Why can’t the body re-absorb blood during internal bleeding?

376 views

I understand the blood is going places its “not supposed to be” but its still on the inside so whats the deal?

In: 92

22 Answers

Anonymous 0 Comments

In very small quantities and broken down into sub cellular constituents it is reabsorbed. For instance a tooth extraction socket may bleed slightly for a considerable time without serious loss to the bleeder and all or most may be swallowed whereupon it will be handled by the stomach and gut like everything else that goes down. Internally it can and is reabsorbed in broken down forms. When you sustain a bruising injury, the pigments seen are products of haemoglobin and gradually fade as the molecules are reabsorbed. Even haemotomata (largish sub dermal bleeds) will disappear so long as they don’t become infected. Larger amounts of blood, say in the abdominal cavity cannot be reabsorbed quickly enough to save the patient from risk due to infection.

Anonymous 0 Comments

It can, slowly.

If the bleeding is slow enough, it can be reabsorbed without anybody noticing anything.

If the bleed is fast enough though, the body cannot reabsorb it fast enough.

As it so happens, if you can notice that there is internal bleeding, the bleeding was faster than the absorption rate.

This means that all the examples of “internal bleeding” we know about are those where the bleeding was too fast.

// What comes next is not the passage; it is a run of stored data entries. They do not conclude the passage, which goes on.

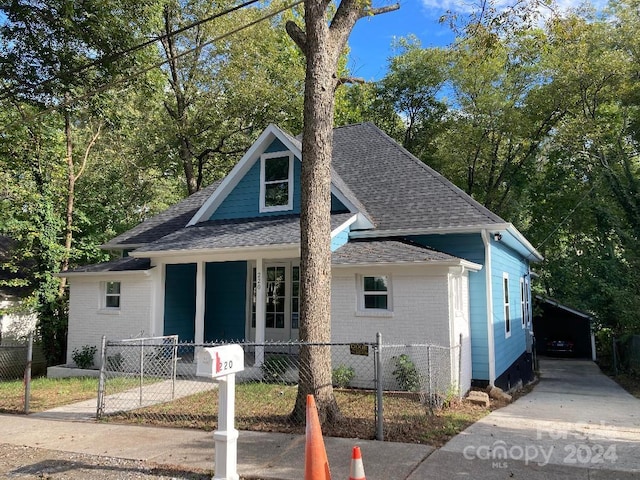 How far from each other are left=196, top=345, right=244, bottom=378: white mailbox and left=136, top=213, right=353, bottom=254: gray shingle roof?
20.6 feet

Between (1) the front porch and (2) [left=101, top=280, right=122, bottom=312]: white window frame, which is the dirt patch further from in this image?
(2) [left=101, top=280, right=122, bottom=312]: white window frame

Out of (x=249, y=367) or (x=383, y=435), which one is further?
(x=249, y=367)

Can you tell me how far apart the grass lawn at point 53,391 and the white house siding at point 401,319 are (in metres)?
4.95

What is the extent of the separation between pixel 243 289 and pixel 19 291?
31.6ft

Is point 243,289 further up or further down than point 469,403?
further up

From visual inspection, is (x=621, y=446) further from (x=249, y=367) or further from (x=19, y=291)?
(x=19, y=291)

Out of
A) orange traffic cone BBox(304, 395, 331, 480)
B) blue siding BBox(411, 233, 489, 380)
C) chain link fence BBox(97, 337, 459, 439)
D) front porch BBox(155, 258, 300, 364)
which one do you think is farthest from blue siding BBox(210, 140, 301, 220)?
orange traffic cone BBox(304, 395, 331, 480)

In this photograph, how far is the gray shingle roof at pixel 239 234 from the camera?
37.9 feet

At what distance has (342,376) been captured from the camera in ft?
33.7

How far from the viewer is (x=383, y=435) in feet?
20.6

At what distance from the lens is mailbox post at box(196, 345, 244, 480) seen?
174 inches

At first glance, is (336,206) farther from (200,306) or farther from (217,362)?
(217,362)

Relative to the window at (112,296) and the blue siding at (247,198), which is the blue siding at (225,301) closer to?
the blue siding at (247,198)

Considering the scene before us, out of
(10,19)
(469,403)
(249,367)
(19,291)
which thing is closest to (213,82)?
(19,291) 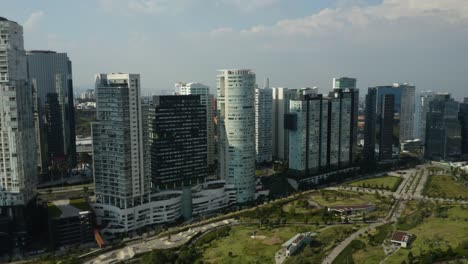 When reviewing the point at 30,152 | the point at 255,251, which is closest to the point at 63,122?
the point at 30,152

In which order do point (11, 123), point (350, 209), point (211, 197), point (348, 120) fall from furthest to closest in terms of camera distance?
1. point (348, 120)
2. point (211, 197)
3. point (350, 209)
4. point (11, 123)

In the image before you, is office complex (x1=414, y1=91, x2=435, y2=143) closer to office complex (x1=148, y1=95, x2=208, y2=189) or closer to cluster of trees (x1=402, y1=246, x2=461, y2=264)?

On the flip side, imagine how many times each of us have “internal bleeding” that was so small in volume or so slow in rate that it was all absorbed without anybody noticing.

Anonymous 0 Comments

For the same reason brake fluid won’t go back into your brake lines if the line breaks on a car. It’s pressurized, which means, once there’s an opening, it’s exit only. You’d have to have a second heart with an open intake vascular system through your entire body if you wanted it to re-absorb internally. It would have to know when to start absorbing as well. It would also take in other unwanted fluids/contaminants and most likely kill you or make you extremely sick.

Anonymous 0 Comments

Your veins/arteries would have to be porous or permeable enough to absorb it – which would most likely mean it would leak back out when your heart pumped. Also blood isn’t supposed to be everywhere just like your food can’t just go anywhere when you swallow it.
Also too much blood/liquid in, say, your chest cavity could keep your lungs from fully inflating.

Anonymous 0 Comments

Your body re-absorbing blood would be like you putting toothpaste back into the tube while you’re still squeezing it.

Anonymous 0 Comments

Maybe it’s best NOT to reabsorb spilt blood the same way your don’t want water off of your basement/garage floor back in your supply pipes. Blood in your arteries is clean but once you’ve sustained a localized injury severe enough to release blood you want the janitor in there mopping it out of the way to allow fresh blood to lavage the area. There is no advantage to recycle damaged and dirty blood. Just make some new stuff.
Back when the system was getting set up a healthy recovery was more likely with dump and replace.

Anonymous 0 Comments

The purpose for blood is to carry oxygen throughout your body, most importantly to your brain. It’s not enough for the blood to be “inside you body,” it has to be pumping through the circulation system that delivers the oxygen. Even if it could be reabsorbed back into the circulation system, by the time it does you’d be dead from the lack of oxygen delivery.

Anonymous 0 Comments

A related issue is the recycling of a patient’s blood lost during surgery. Use of a cell saver allows collection and cleaning of lost blood followed by reinfusion of the red blood cells. Thought to be better than banked red blood cells.

Anonymous 0 Comments

So it takes a while to reabsorb. Well it is sitting there it can get infected or other problems. If the bleed is bad enough your cells aren’t getting enough oxygen

Anonymous 0 Comments

Because of internal pressure of the pressures of the sinuses and diaphragm vs intravenous and arterial pressures and cardiac pressure and dilation of the mass amounts of tiny sphincters throughout the body. Depends on where you bleed for what.